-------- Supplied entries

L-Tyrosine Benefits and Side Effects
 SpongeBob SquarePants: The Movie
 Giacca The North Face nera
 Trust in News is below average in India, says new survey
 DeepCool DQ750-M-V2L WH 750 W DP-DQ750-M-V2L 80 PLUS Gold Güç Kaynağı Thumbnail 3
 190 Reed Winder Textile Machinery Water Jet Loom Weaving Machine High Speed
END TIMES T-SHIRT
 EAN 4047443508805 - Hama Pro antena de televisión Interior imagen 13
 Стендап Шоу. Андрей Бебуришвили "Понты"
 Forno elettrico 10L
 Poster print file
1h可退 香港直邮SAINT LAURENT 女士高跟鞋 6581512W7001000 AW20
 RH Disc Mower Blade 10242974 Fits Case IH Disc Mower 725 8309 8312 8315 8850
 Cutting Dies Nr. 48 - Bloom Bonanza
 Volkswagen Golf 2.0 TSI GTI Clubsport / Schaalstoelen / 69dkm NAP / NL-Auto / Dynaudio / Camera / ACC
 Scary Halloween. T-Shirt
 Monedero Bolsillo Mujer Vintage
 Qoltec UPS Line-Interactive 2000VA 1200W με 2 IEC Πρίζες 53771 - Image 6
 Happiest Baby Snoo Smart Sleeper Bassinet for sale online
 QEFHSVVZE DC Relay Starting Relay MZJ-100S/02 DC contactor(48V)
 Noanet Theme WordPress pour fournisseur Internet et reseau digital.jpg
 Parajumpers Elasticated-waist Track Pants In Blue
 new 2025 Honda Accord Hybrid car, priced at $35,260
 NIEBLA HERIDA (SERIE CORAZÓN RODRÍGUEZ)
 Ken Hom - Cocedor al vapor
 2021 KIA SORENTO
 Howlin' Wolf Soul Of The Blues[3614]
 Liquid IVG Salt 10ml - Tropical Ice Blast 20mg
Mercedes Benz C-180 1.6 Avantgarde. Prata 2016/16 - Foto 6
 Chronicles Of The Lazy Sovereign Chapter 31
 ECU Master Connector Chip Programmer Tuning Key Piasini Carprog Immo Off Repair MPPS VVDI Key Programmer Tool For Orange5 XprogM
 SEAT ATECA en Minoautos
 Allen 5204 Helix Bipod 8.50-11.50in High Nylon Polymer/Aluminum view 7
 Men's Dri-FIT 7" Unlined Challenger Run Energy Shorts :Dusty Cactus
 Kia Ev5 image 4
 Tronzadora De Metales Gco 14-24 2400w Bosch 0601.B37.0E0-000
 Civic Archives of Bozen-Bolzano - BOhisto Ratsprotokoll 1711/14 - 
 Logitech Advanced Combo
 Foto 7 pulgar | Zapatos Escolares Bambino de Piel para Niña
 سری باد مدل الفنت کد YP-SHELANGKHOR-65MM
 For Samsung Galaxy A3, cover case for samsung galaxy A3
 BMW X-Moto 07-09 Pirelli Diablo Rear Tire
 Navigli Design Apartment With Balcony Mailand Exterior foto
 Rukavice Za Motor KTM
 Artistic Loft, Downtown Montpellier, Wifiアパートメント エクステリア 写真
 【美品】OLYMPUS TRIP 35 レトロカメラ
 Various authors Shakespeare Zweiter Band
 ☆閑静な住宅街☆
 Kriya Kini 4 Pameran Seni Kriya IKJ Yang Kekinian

----------------

## Activity
Track down every line in the entries that includes the string "High", and copy it.

## Response to this exercise
 190 Reed Winder Textile Machinery Water Jet Loom Weaving Machine High Speed
 Allen 5204 Helix Bipod 8.50-11.50in High Nylon Polymer/Aluminum view 7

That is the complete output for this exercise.